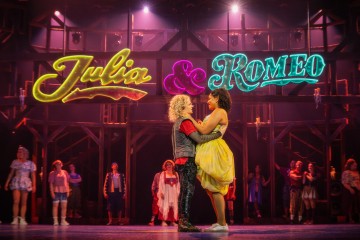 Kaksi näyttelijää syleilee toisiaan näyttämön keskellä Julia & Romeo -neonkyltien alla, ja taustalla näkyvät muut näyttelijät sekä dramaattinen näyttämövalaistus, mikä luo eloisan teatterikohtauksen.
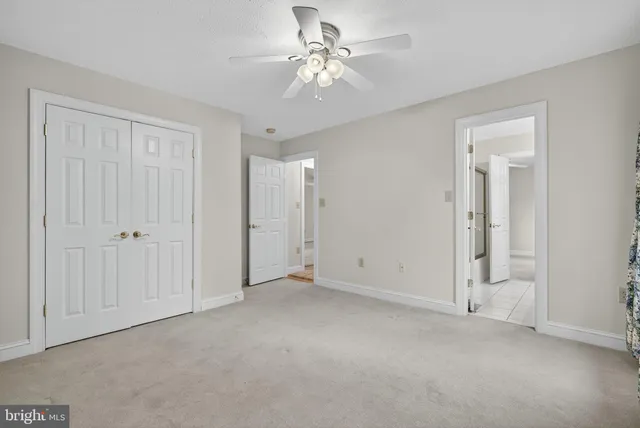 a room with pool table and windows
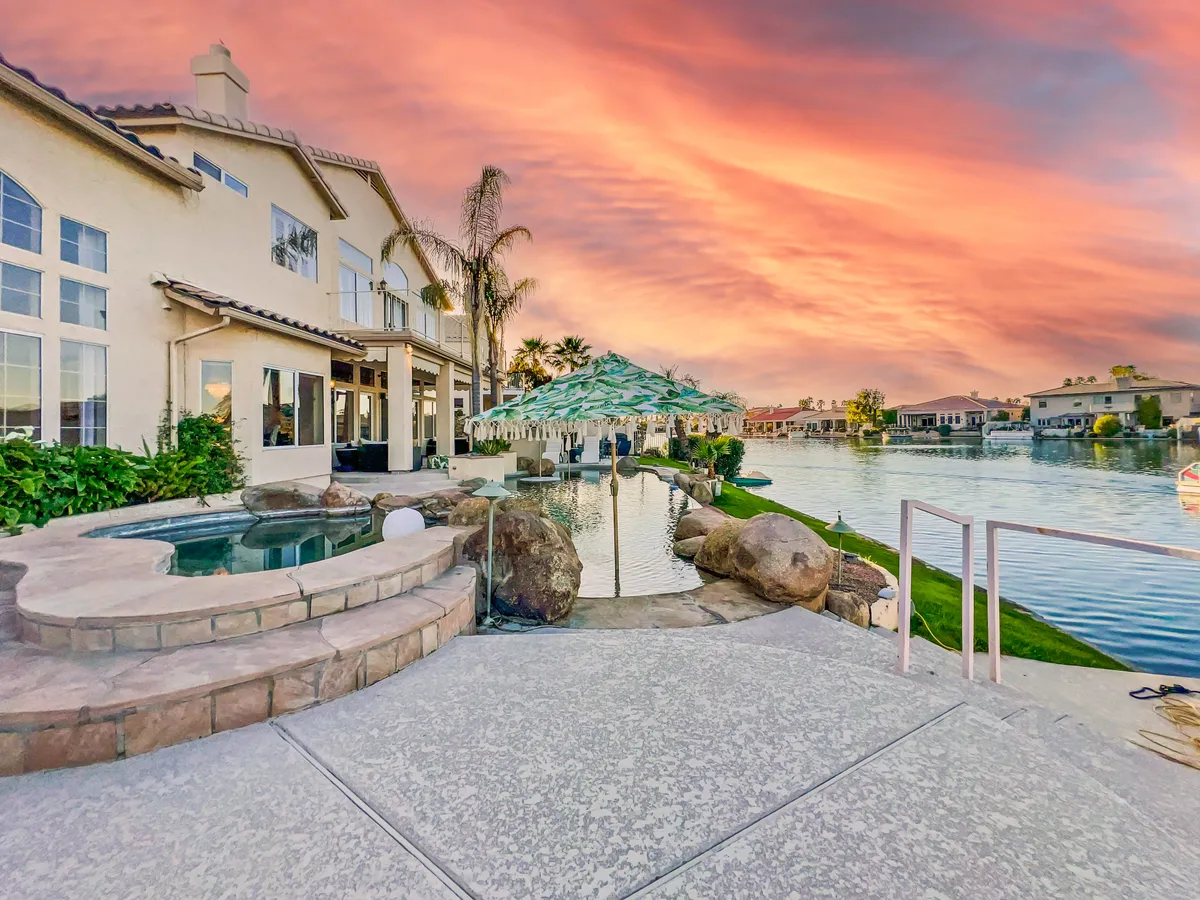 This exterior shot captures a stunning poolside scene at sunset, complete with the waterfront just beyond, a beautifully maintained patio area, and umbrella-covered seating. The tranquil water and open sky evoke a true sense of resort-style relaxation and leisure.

**Task statement:**
Set the lines down exactly as they stand, from the one containing "a room with pool table and windows" through the end of the listing, omitting every picture.

**Exercise answer:**
 a room with pool table and windows
 This exterior shot captures a stunning poolside scene at sunset, complete with the waterfront just beyond, a beautifully maintained patio area, and umbrella-covered seating. The tranquil water and open sky evoke a true sense of resort-style relaxation and leisure.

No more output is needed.